Development of multilocus putatively neutral DNA markers in the X-chromosome for population genetic studies in humans.

作者信息

Khan Naazneen, Chittoria Anita, Pande Veena, Jaiswal Yogesh Kumar, Das Aparup

机构信息

Evolutionary Genomics and Bioinformatics Laboratory, Division of Genomics and Bioinformatics, National Institute of Malaria Research, Sector 8, Dwarka, New Delhi - 110077, India.

出版信息

Ann Hum Biol. 2012 Jul;39(4):281-9. doi: 10.3109/03014460.2012.689326. Epub 2012 Jun 1.

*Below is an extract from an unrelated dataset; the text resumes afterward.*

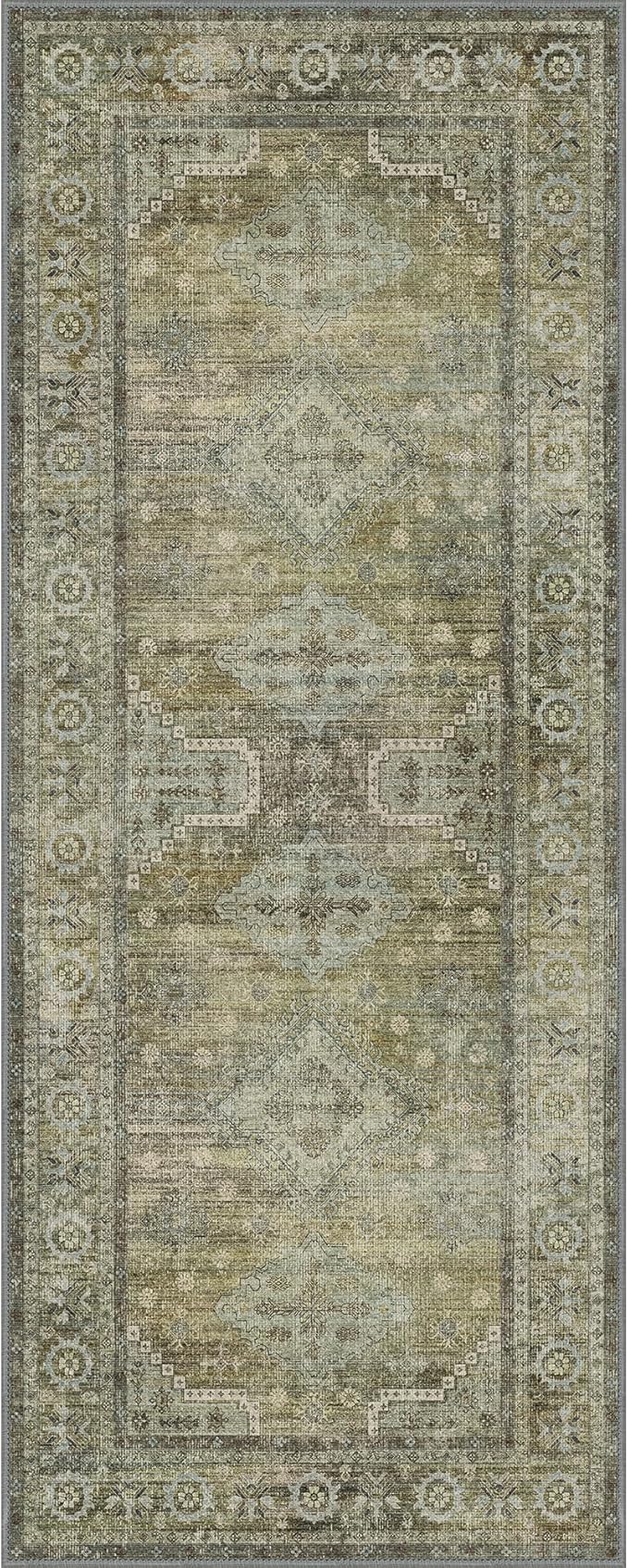 GENIMO Runner Rug 2x5 Non Slip Machine Washable Vintage Hallway Runner Rugs, Low Pile Lightweight Mat for Living Room, Entryway, Bedroom, Kitchen and Corridor, Distressed Sage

DOI:10.3109/03014460.2012.689326
PMID:22656191
Abstract

BACKGROUND

It has now been well documented that the type (coding, non-coding) and location (nuclear, mitochondrial etc.) of genetic markers heavily influence evolutionary inferences; realistic assumptions can be drawn if multiple putatively neutral DNA fragments spread across the genome are used.

AIM

To infer human population history, Single Nucleotide Polymorphisms (SNPs), located in the non-coding regions of different genes in the X-chromosome have been developed as 'putatively neutral markers'.

SUBJECTS AND METHODS

A population sample consisting of 16 male individuals from the western part of India was utilized for sequencing eight DNA fragments located in introns of three genes (Duchenne muscular dystrophy, Factor IX and Pyruvate dehydrogenase E1 sub-unit) on the human X-chromosome. PCR amplification and DNA sequencing confirmed the polymorphic status of all the fragments.

RESULTS

Twenty nine SNPs were found to be segregating in the Western Indian population samples. Using these SNPs the nucleotide diversity and demographic parameters of the Western Indian population were estimated. Several tests of neutrality ascertained that all eight fragments evolve putatively neutrally. Further, linkage disequilibrium analyses confirmed this fact.

CONCLUSION

All eight DNA fragments seem to bear the characteristics to be considered as 'putatively neutral genetic markers' and thus, could be utilized for inference of human population and demographic histories.

摘要

背景

现已充分证明,遗传标记的类型(编码、非编码)和位置(核、线粒体等)对进化推断有重大影响;如果使用遍布基因组的多个假定中性的DNA片段,就可以得出现实的假设。

目的

为推断人类群体历史,位于X染色体不同基因非编码区的单核苷酸多态性(SNP)已被开发为“假定中性标记”。

对象与方法

利用来自印度西部的16名男性个体组成的群体样本,对位于人类X染色体上三个基因(杜氏肌营养不良症、凝血因子IX和丙酮酸脱氢酶E1亚基)内含子中的八个DNA片段进行测序。PCR扩增和DNA测序证实了所有片段的多态性状态。

结果

在印度西部群体样本中发现29个SNP处于分离状态。利用这些SNP估计了印度西部群体的核苷酸多样性和人口统计学参数。多项中性检验确定所有八个片段均以假定中性方式进化。此外,连锁不平衡分析证实了这一事实。

结论

所有八个DNA片段似乎都具有被视为“假定中性遗传标记”的特征,因此可用于推断人类群体和人口历史。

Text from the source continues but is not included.